Nostro Onore di Marzia Sabella poteva essere, come tante altre pubblicazioni, un accattivante prodotto commerciale: la testimonianza di una donna magistrato, siciliana, che racconta la sua lotta contro la mafia. Il pacchetto poteva essere confezionato, ancora prima di vedere la luce. E, come ella suggerisce, fondato su un pregiudizio all’incontrario: bastava riempirlo di segni con accenti di buona suggestione.

Invece ciò non accade perché la scelta narrativa segue il percorso della ‘normalità’ che, più esattamente, chiamerei umanità.

Fin dalle prime pagine è evidente una deviazione del progetto iniziale, con ciò che, letterariamente, potremmo definire un tradimento, ossia con la necessità di portare il racconto oltre la storia pensata.

Istintivamente, la scrittura si dirige verso l’autobiografia con un linguaggio capace di compiere il prodigio della confessione. Ne sperimenta uno tutto suo, lo segue senza indugio, lo evidenzia, lo corrompe, facendone una personalissima lingua che trae linfa dalla cultura dell’isola.

Dall’antico affabulare siciliano, volutamente deviato, il narrare si dirige verso modelli di comunicazione contemporanei e quotidiani con una tendenza al riserbo quando la parola torna ad insistere sui concetti emozionali, diventando schiva e pudica.

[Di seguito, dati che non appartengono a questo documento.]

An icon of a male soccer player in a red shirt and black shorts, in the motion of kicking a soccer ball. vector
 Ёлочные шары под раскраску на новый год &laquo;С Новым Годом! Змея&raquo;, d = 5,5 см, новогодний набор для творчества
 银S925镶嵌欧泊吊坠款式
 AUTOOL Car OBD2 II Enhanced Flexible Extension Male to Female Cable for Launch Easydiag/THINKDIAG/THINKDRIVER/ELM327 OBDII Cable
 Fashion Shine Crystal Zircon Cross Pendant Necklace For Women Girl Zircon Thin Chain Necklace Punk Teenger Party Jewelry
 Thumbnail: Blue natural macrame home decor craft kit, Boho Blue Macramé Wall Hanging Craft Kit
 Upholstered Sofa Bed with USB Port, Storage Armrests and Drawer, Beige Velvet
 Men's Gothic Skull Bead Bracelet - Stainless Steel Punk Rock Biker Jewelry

Talvolta, il tempo narrativo accelera inducendo a una risata o rendendo plastica la descrizione dei luoghi per avviarsi verso la pausa lirica della realtà.

C’è molto silenzio in ‘Nostro Onore’, pause infinite che servono a riprendere fiato quando il passaggio diventa doloroso, quindi inenarrabile.

L’io narrante è generoso, sempre dietro le quinte. Appare quando è necessario e cede, con capacità stilistica, lo spazio ad ogni personaggio, non alterando mai il rapporto fra parola e giudizio.

Ciascuno ha un nome, non un ruolo e, libero dalla storicità degli eventi, si consegna alla realtà della mente.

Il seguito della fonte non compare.